Mac shook his head. “I am sure we helped with Kurita’s general intent, but the Airdales got her dead to rights. They sank her on 24 October.”
“So that is one that HYPO can’t take credit for.”
“Yes, but we had the new carrier nailed. She was built in Yokosuka, and we decrypted the OpOrder directing her to proceed to the Inland Sea for fitting out.”
“The drydock in Yoko where they built her was still being used for US Aircraft carriers when I was there. It was that big,” I said. “Ma Midway could fit right in it.”

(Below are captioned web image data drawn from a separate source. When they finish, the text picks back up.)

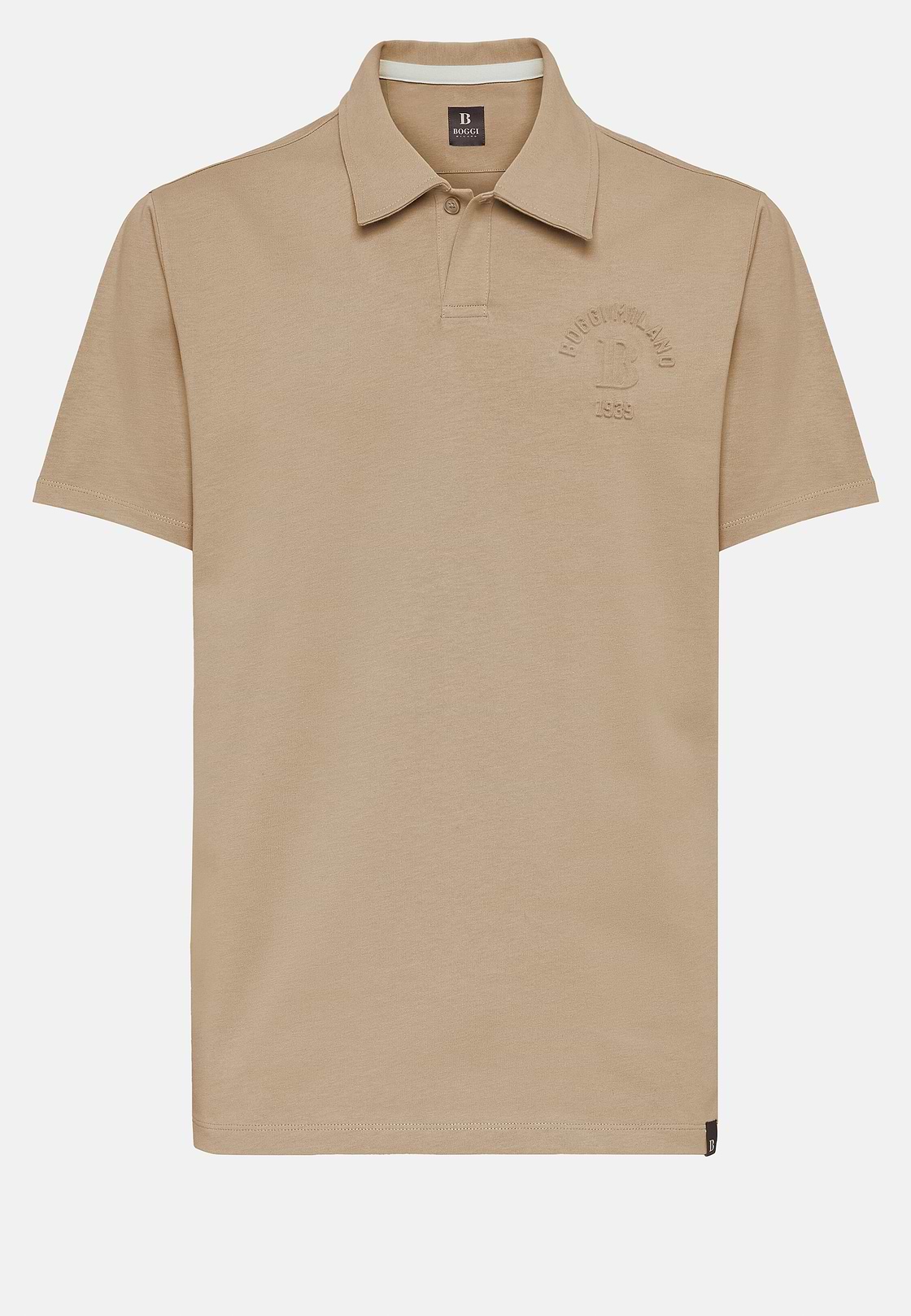 Organic Cotton Blend Jersey Polo Shirt, Beige, hi-res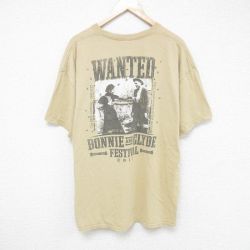XL★古着 半袖 Tシャツ メンズ WANTED 大きいサイズ コットン クルーネック ベージュ カーキ 25jun06 中古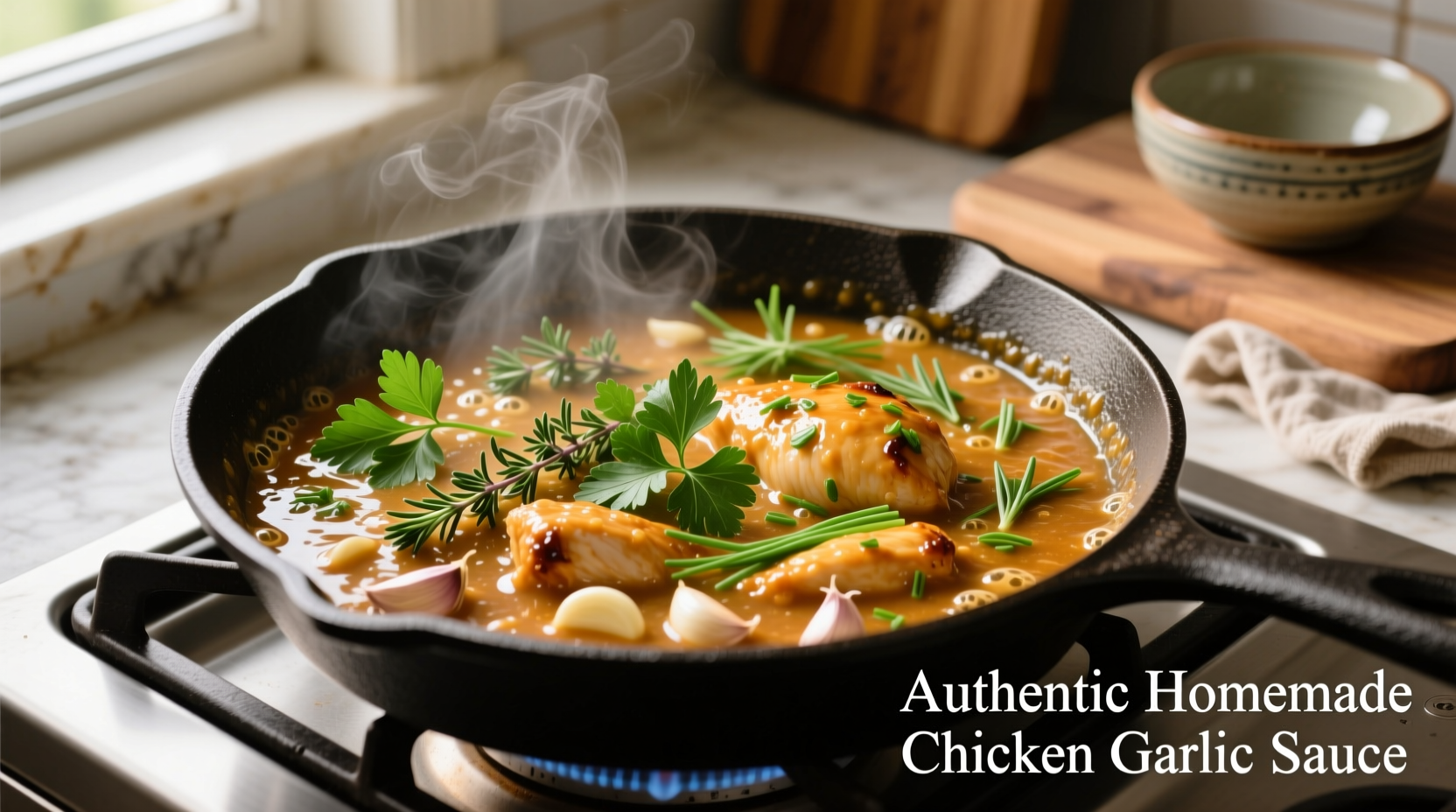 Homemade chicken garlic sauce in pan with fresh herbs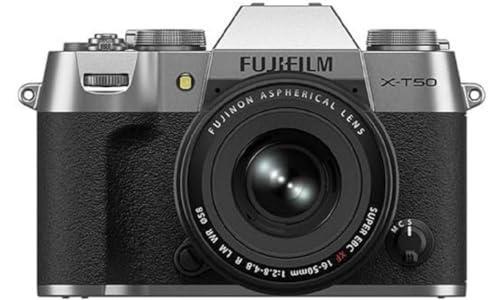 Fujifilm X-T50 Fotocamera Digitale Mirrorless 40MP KIT XF16-50mmF2.8-4.8, Argento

Mac nodded, and sipped his beer. “We managed to get her navigation plan to Archerfish, a fleet boat that was providing SAR services for the bomber crews that had to ditch. There were no raids scheduled that day, and Joe Enright managed to get six torpedoes into Shinano. It was the largest aircraft carrier ever sunk, and only ten days after her commissioning. Joe got the Navy Cross for that one.”
“Ok,” I said. “So HYPO was one for two. Did you identify the plans for Yamato?”
“Yep.” Mac took a sip of Sierra Nevada. “We invaded Okinawa on April Fool’s Day 1945. The Japanese response was to organize Operation Ten-Go, a suicide mission for Yamato. We had her voyage instructions, which were for a one-way mission. She only had enough fuel to get down to the island from Kure. Then she was supposed to run herself aground as an unsinkable gun emplacement and fight to the end.”
“Didn’t work out that way,” I said and drained my glass of Pino Grigio.
“No, it didn’t. HYPO was able to provide the course and timing of her transit and two subs picked her up near the Bungo Strait. They reported contact to the carrier strike force, since they could not keep up with Yamato and her escorts. They were zig-zagging at twenty-two knots. Admiral Marc Mitscher’s group launched nearly three hundred aircraft and caught her about mid-day on the 7th of April.”
“Three hundred aircraft?” I whistled. “Our whole airwing on Forrestal only had around seventy planes. That is impressive.”
“It was. And that was the end of the Yamato, the first and last of her sisters.”
“She is still a popular cultural icon in Japan,” I said. “A symbol of advanced technical capabilities.”
“The word ‘Yamato’ is sometimes used as a poetic name for Japan. So, in a way, the end of the super-battleship Yamato is a metaphor for the end of the Empire of Japan.”
“It is sort of like that Meatloaf song,” I said, waving to get GaaarBears attention and maybe just a finger or two of wine to finish out the session.
Mac looked puzzled. “Meatloaf?”
“Sorry, Admiral. I forget sometimes we are from different eras. Meatloaf was a huge rock star- literally- back in the late seventies when I came into the Navy. His biggest song was “Two out of three ain’t bad.”
Mac contemplated that for a moment and then nodded in agreement. “No, I suppose it’s not, is it?”